A checker is placed on a square of an infinite checkerboard, where each square is 1cm by 1 cm. It moves according to the following rules:
1/ In the first move, the checker moves 1 square North
2/ All odd numbered moves are North or South and all even numbered moves are East or West
3/ In the n-th move, the checker makes a move of n squares in the same direction.
The checker makes 12 moves so that the distance between the centers of its initial and final squares is as small as possible. What is this minimum distance?
For the question above, I reasoned, that the shortest distance, will be worked out, if the checker, moves around, in a spiral fashion.
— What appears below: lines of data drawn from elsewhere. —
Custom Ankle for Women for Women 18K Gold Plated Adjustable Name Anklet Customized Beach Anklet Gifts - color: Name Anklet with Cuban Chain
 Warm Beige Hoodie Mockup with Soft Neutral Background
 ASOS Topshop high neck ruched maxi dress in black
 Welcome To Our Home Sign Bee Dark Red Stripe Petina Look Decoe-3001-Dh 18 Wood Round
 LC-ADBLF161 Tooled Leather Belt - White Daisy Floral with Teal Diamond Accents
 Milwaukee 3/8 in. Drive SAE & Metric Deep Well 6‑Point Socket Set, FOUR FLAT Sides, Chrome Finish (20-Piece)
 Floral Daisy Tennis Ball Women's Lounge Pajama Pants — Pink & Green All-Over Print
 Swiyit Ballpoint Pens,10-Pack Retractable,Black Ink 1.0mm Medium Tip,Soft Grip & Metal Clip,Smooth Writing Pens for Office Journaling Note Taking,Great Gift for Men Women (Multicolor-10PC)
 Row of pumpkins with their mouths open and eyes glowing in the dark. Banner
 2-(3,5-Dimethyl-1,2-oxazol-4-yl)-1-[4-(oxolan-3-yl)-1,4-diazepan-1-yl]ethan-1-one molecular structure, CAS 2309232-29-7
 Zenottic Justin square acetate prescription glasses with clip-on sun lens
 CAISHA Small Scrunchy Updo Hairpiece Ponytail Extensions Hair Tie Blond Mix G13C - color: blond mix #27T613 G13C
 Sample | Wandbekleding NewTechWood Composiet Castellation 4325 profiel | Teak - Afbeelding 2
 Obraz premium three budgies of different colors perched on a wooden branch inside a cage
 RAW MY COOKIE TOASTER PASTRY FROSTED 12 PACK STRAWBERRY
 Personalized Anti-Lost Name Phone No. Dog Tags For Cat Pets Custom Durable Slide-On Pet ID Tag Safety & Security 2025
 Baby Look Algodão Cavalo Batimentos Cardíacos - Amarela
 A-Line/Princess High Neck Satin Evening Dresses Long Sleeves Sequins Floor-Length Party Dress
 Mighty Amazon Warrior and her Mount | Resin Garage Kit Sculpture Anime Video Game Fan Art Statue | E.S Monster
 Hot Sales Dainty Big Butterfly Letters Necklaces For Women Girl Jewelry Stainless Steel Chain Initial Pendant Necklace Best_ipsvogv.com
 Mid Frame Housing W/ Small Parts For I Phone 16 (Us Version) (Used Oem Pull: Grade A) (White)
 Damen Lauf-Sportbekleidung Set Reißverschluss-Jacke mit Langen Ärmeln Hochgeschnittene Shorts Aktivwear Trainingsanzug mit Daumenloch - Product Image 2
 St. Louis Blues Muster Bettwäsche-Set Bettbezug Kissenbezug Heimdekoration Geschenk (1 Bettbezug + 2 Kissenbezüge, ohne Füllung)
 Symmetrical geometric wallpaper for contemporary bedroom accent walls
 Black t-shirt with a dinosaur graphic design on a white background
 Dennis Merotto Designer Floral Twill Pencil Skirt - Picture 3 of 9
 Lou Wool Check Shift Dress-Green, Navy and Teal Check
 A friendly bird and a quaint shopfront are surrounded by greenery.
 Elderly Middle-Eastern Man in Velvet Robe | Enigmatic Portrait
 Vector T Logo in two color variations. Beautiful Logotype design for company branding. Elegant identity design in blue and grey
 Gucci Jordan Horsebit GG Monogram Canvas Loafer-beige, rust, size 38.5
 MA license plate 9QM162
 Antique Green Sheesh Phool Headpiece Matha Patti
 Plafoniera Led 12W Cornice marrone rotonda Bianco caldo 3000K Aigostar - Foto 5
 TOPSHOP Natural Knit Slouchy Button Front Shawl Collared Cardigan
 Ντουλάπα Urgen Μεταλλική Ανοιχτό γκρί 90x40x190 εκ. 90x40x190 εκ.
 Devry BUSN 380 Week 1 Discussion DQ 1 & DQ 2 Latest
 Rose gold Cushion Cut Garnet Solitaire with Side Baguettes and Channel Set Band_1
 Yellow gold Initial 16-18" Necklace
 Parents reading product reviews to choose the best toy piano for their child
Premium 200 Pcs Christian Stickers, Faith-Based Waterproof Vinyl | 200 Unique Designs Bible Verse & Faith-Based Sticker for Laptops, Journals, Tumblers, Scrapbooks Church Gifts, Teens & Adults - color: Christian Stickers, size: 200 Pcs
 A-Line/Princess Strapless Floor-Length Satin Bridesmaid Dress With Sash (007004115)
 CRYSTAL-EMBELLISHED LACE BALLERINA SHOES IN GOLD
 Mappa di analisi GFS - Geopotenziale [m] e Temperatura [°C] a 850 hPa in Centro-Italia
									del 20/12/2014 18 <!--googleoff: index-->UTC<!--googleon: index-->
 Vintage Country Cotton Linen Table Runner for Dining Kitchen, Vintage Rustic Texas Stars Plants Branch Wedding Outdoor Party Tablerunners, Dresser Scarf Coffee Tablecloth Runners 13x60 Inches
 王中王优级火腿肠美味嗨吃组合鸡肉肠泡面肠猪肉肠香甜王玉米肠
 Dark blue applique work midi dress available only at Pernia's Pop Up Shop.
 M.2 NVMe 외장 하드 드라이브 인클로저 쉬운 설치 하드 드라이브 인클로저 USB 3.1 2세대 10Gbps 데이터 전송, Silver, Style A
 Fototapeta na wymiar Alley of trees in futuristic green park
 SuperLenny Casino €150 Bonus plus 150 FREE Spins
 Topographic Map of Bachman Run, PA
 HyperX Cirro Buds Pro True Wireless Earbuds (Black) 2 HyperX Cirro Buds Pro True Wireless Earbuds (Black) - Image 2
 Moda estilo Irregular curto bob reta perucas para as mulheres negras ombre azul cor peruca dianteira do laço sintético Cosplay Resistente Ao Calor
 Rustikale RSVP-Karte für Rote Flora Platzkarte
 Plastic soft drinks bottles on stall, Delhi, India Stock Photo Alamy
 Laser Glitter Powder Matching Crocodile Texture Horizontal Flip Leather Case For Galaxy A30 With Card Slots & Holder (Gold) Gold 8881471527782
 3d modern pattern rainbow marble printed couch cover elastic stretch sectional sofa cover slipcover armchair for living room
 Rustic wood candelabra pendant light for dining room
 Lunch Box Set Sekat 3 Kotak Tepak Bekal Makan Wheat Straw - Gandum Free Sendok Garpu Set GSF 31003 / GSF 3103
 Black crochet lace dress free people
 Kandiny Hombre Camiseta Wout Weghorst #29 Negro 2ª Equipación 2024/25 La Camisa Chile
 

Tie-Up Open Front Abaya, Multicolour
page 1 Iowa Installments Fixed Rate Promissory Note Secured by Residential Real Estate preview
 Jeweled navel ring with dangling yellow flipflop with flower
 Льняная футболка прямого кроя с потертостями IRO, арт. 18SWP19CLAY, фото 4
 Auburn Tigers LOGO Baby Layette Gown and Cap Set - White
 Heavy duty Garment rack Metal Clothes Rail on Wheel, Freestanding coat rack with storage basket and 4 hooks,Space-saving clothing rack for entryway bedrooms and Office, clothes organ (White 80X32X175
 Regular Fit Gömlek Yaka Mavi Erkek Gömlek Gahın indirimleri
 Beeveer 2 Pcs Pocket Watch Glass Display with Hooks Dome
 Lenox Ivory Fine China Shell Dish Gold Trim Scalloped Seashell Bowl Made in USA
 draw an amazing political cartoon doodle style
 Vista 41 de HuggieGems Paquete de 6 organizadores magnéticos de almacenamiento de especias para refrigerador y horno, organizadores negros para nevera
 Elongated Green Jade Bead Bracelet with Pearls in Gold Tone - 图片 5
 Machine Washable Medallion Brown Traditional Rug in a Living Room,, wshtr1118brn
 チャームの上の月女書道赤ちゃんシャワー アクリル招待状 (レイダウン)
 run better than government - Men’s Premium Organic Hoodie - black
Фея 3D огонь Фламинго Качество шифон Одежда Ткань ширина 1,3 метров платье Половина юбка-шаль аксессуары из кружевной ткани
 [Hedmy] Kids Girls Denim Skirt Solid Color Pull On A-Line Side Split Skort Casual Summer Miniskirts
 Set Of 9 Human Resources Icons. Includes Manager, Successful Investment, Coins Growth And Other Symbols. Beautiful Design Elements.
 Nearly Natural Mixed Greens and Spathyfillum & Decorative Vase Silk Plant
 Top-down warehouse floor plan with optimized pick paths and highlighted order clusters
Unforunately, that does not produce the right answer.
Can you guys, please inform me, what kind of shape, I should have thought of using, in order to achieve the minimum distance, and with that shape, what the distance works out to be?
Thanking you in advance
Best Answer
The horizontal displacement of the checker after the 12 moves is of the form $$\pm2\pm4\pm6\pm8\pm10\pm12$$ Similarly, the vertical displacement is of the form $$1\pm3\pm5\pm7\pm9\pm11$$ and we want to minimise the absolute value of both expressions by some choice of signs.
The best displacement we can achieve for the odd steps is $$1+3+5-7+9-11=0$$ But for a horizontal displacement of 0 some subset of the even numbers would have to sum to the impossibly odd 21, so we make do with a 22/20 split and $$2+4+6+8-10-12=-2$$ Translate a positive term to a movement north or east, and a negative term to a movement south or west. The displacement of the checker after these moves is then the smallest, 2 cm horizontally.